Besides, there is nothing Americans hate more than going to their job and have co-workers who, though they do their job well, speak to each other in another language. What are they hiding? Recently, a co-worker, who is from the Middle East, was on the phone talking to somebody in Arabic. One of my other co-workers expressed that when he heard that, he wondered if he was telling somebody where to bomb next. Really??? I told him that was racist and he looked at me with an incredibly patronizing look and told me he preferred to be aware of things and not have his head in the sand. I imagined the Pogo strip where Simple J. Malarkey (a character based on Senator Joseph McCarthy, soon to be dusted off for Texas Senator Ted Cruz. If only Kelly were around …) is on a stump screaming “It’s what we don’t understand that’s dangerous!”

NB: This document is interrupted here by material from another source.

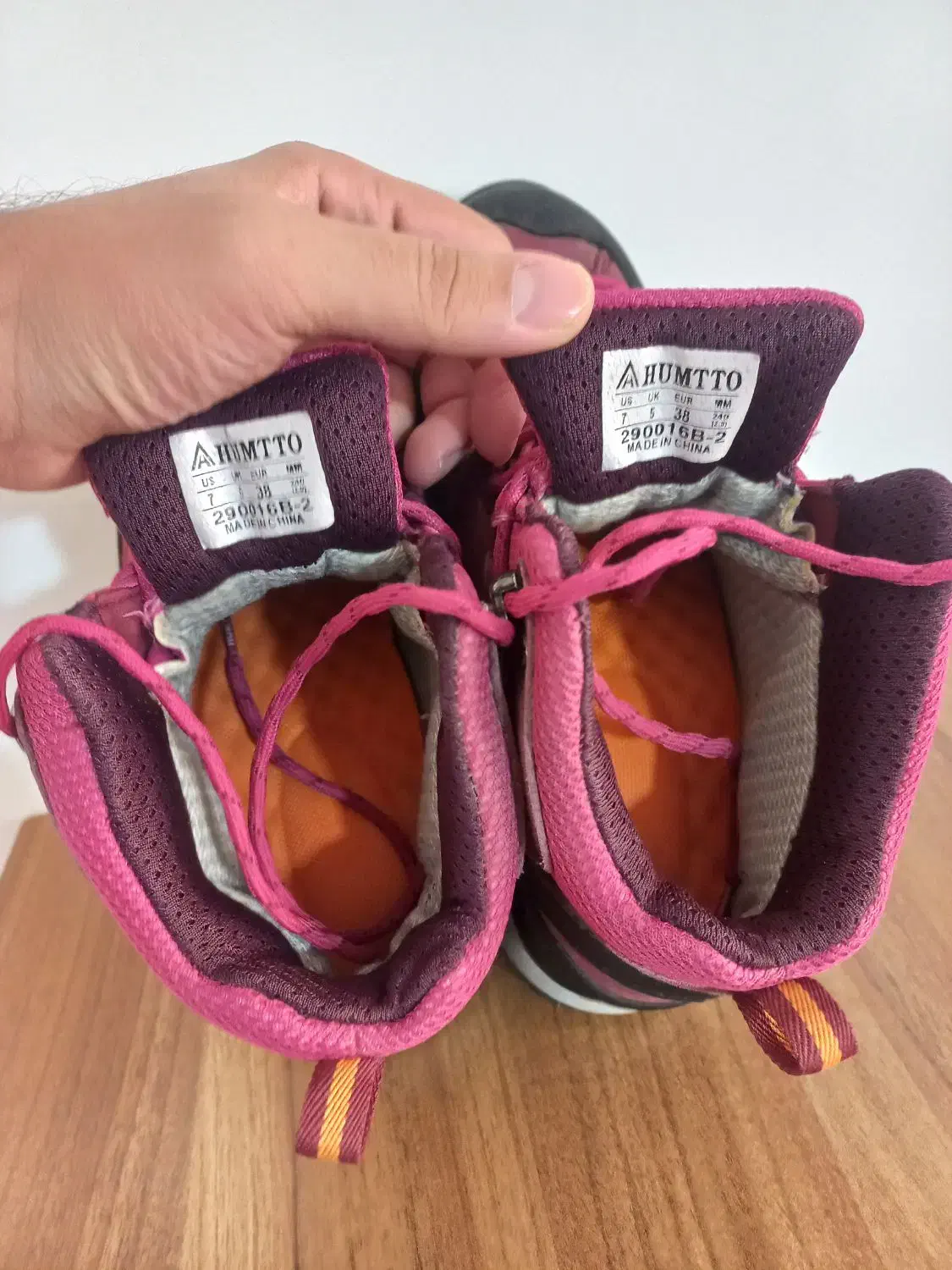 دو عدد کفش کوهنوردی و نیم بت هامتو|کیف، کفش، کمربند|همدان, |دیوار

Perhaps that last example in the context of the Okefenokee Swamp qualifies as xenophobia, which means “fear of strangers” but the first two examples, along with a major party’s major message on immigration (and Senator Joseph McCarthy), a far more accurately descriptive word should be used. I would like to suggest Misoxeny.
Misoxeny is the hatred of strangers. "Fear" does not begin to describe the contempt expressed. "Fear" does not begin to describe the eliminationist rhetoric and the cynical playing off of xenophobia to whip up non-thinking tribal grouping and violence in the face of people who differ (and a President, who is Black).
In some ways, misoxenos would be a fighting word. Uncompromising and, while more accurate, may not be conducive to uplifting discourse. I guess I would answer that reading the rhetoric which would be described by it could hardly be described as uplifting discourse and they aren’t changing it. As I said earlier, this bigoted, non-uplifting discourse has been mainstreamed by the political rhetoric and their stenographers in the media. They do not fear; they are playing off fear leading to contempt, hatred and elimination. This is not the vision I have for the country.
Misoxeny could quickly become a fad word rushing even more quickly into ineffectual cliché status, like homophobe, misogyny, and - yes - xenophobe. I’m not sure what to do about that. People use language to express their ideas and I think this idea has validity. It may not work; it may run into over-use; it may be roundly mocked by Bill O’Reilly. Perhaps a “fifteen minutes of fame” also works for words and moves on to further, more effectual, ways of expression.